- Born: Morton Robert Berger July 2, 1951 (age 74)
- Occupation: Teacher
- Criminal status: Arizona State Prison Complex – Florence, South Unit; Arizona Department of Corrections number 174827; earliest release date June 20, 2202
- Convictions: 2003
- Criminal charge: Sexual exploitation of a minor
- Penalty: 200 years imprisonment

= Morton Berger =

American sex offender

Morton Robert Berger (born July 2, 1951) is a former high school teacher from Phoenix, Arizona and a convicted child pornography collector. He was convicted in 2003 for possessing 20 pornographic images of children and sentenced to 200 years in prison without possibility of probation, parole, pardon or clemency. This sentence, which was the minimum available under Arizona law, was upheld by the Arizona Supreme Court in 2006. On February 26, 2007, the Supreme Court of the United States declined to hear a further appeal.

==The crime==
Berger was a history teacher at Cortez High School in Phoenix. In June 2002, police got a tip that his credit card number had been used to buy pornographic images from a site hosted in Dallas. A raid on his home revealed a large collection of child pornography that he had collected over the previous six years. He was a member of the Wonderland Club porn-trading ring that required members to have at least 10,000 images in order to join. He was charged with 35 specimen counts of sexual exploitation of a minor, each charge relating to one image. After Berger turned down a plea bargain, prosecutors dropped 15 of the charges to avoid overwhelming the jury with lewd images. In January 2003, a jury convicted Berger of the remaining 20 counts against him.

==The sentence==
Berger was convicted of 20 counts of second-degree dangerous crimes against children, which carry a minimum sentence of 10 years in prison without possibility of parole, probation, pardon, or clemency. Arizona has some of the strictest laws in the nation on child abuse and exploitation. Only five states have a longer minimum sentence for possession of child pornography or its equivalent. Arizona's 10-year minimum is longer than the maximum for this offense (or its equivalent) in 35 states, and equal to the maximum in nine states. Under federal sentencing guidelines of the day, he would have faced a minimum of only five years in prison.

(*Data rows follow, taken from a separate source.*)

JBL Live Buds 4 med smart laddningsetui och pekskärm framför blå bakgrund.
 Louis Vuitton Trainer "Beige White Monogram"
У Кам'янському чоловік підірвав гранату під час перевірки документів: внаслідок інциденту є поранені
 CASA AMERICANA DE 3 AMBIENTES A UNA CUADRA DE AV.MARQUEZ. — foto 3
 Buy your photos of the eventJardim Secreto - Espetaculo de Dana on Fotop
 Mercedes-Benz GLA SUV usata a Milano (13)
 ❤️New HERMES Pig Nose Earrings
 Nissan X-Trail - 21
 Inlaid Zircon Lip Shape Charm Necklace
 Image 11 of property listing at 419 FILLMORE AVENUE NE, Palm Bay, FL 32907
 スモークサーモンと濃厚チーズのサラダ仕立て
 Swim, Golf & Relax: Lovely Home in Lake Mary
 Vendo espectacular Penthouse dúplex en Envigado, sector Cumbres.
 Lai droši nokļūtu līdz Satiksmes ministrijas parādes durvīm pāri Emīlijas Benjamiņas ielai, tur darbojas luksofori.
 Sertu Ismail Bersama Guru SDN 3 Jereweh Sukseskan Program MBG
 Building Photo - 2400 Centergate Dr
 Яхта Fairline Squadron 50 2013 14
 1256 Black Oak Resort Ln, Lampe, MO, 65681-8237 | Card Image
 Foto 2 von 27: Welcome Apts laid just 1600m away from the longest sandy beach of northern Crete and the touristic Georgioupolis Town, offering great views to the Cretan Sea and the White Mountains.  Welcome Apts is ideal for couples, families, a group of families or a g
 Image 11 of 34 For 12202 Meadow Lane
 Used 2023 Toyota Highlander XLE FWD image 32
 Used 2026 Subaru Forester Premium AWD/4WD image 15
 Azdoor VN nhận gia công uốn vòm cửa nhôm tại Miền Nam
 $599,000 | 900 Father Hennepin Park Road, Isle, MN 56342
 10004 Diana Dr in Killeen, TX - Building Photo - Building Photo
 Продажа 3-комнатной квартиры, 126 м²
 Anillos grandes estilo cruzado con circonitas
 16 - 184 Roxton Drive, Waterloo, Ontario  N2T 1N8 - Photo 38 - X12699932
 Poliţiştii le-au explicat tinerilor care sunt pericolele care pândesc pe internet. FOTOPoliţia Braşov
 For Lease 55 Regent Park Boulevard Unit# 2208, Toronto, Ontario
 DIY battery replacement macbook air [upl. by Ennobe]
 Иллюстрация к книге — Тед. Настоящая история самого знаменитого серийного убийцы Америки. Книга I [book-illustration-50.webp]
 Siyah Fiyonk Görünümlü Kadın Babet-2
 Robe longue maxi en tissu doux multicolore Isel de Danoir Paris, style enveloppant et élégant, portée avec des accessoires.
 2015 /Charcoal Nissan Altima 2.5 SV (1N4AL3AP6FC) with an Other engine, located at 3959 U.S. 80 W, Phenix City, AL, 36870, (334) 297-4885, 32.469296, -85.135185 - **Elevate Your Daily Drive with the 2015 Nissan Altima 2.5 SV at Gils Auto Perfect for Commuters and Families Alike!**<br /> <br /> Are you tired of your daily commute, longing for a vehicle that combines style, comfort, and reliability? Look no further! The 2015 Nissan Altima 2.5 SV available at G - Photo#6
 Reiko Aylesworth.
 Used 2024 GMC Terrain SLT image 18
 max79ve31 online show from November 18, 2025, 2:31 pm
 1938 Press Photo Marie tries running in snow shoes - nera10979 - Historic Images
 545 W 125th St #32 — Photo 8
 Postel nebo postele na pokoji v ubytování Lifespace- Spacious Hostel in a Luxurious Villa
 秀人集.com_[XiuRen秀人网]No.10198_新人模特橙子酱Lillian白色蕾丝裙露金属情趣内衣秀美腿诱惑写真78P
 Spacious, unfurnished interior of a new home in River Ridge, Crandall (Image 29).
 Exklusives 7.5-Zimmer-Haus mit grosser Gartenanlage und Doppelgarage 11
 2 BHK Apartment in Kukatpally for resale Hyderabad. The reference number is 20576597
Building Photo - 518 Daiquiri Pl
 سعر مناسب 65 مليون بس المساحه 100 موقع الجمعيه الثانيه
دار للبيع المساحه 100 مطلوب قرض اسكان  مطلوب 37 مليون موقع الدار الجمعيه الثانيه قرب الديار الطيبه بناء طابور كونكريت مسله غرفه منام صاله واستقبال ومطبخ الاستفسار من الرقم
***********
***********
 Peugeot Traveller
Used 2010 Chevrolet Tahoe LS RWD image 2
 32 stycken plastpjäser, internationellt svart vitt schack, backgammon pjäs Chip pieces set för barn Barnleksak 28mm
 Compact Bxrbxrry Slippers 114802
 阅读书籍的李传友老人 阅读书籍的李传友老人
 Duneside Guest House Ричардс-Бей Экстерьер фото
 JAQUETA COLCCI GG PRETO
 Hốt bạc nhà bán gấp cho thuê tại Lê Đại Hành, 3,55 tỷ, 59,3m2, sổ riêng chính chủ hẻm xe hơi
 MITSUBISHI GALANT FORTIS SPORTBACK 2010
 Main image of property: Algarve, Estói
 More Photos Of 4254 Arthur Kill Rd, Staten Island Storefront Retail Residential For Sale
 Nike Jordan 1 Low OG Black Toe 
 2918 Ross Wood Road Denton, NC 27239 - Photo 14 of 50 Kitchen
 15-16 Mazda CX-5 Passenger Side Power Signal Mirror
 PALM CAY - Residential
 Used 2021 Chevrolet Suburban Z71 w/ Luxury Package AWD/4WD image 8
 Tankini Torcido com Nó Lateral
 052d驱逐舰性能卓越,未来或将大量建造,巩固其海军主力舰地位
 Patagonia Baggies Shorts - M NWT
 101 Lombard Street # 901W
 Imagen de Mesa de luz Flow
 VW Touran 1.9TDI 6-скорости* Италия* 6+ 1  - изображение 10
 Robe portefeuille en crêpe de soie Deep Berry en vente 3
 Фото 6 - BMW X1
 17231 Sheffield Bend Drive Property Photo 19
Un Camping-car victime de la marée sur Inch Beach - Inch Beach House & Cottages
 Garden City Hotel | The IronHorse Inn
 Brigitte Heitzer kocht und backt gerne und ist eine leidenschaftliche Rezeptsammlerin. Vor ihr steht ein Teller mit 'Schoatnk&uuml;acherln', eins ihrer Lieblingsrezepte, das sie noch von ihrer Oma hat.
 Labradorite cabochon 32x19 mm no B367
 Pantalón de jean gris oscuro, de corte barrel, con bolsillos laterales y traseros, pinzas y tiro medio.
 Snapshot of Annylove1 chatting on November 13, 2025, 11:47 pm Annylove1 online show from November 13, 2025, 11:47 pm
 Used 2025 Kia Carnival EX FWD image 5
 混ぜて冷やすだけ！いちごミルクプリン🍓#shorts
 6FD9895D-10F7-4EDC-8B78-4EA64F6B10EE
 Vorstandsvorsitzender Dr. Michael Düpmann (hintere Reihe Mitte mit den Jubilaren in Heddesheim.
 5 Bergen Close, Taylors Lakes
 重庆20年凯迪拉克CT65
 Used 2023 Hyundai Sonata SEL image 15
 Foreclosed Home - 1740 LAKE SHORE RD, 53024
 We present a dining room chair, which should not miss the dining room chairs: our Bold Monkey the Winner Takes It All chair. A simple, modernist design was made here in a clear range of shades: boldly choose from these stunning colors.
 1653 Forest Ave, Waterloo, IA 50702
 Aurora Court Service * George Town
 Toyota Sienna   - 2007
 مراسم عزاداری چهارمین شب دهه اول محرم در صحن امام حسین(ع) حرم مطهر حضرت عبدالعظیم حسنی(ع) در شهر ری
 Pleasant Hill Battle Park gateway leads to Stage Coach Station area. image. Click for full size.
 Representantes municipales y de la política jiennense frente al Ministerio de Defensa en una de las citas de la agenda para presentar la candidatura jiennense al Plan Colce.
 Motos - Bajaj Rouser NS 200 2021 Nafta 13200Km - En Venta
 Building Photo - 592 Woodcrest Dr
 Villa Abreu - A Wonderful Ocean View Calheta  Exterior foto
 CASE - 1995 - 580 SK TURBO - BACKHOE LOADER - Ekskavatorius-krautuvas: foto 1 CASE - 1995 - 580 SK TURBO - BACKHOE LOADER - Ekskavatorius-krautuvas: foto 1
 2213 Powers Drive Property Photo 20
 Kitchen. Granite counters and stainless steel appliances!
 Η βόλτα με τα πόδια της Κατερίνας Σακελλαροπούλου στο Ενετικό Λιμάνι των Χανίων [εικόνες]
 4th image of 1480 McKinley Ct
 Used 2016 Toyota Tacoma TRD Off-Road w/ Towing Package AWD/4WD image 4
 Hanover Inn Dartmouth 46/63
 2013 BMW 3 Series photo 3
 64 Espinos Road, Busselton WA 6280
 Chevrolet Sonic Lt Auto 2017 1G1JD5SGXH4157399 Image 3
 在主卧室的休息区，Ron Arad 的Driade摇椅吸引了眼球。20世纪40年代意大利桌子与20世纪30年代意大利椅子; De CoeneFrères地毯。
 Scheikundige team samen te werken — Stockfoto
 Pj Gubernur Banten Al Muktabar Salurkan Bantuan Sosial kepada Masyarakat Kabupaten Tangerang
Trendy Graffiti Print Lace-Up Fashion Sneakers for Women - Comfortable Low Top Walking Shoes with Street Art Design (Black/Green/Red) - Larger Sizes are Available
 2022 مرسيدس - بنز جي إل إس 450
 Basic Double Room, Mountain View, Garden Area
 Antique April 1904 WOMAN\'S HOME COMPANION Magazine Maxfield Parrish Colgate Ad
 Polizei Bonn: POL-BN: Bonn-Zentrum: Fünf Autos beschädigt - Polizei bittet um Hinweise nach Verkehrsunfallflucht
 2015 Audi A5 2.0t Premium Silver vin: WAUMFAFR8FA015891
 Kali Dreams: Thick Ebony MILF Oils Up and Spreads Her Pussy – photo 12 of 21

Prosecutors argued that since the possession of each image was a separate crime, the sentences had to run consecutively. The sentencing judge agreed, and sentenced Berger to the mandatory minimum sentence of 10 years per count, adding up to 200 years in prison. Prosecutors recommended a sentence of 340 years (17 years per count), while the maximum sentence available was 480 years (24 years per count). All three sentences would have all but assured that Berger would die in prison.

==The appeals==
Berger's lawyers appealed the sentence, citing the Eighth Amendment to the United States Constitution, which prohibits "cruel and unusual punishment". They argued that although each 10-year sentence was not too long in itself, the cumulative total of 200 years was grossly disproportionate to Berger's conduct overall, given that it was a longer sentence than those imposed for murder or rape of a child in Arizona. They also cited Berger's lack of a prior criminal record. The Arizona Court of Appeals upheld the sentence, feeling bound by precedent to do so. Judge Donn Kessler concurred in part and dissented in part, believing that Berger should have gotten a new sentencing hearing. Berger then appealed to the Arizona Supreme Court, which ruled on May 10, 2006.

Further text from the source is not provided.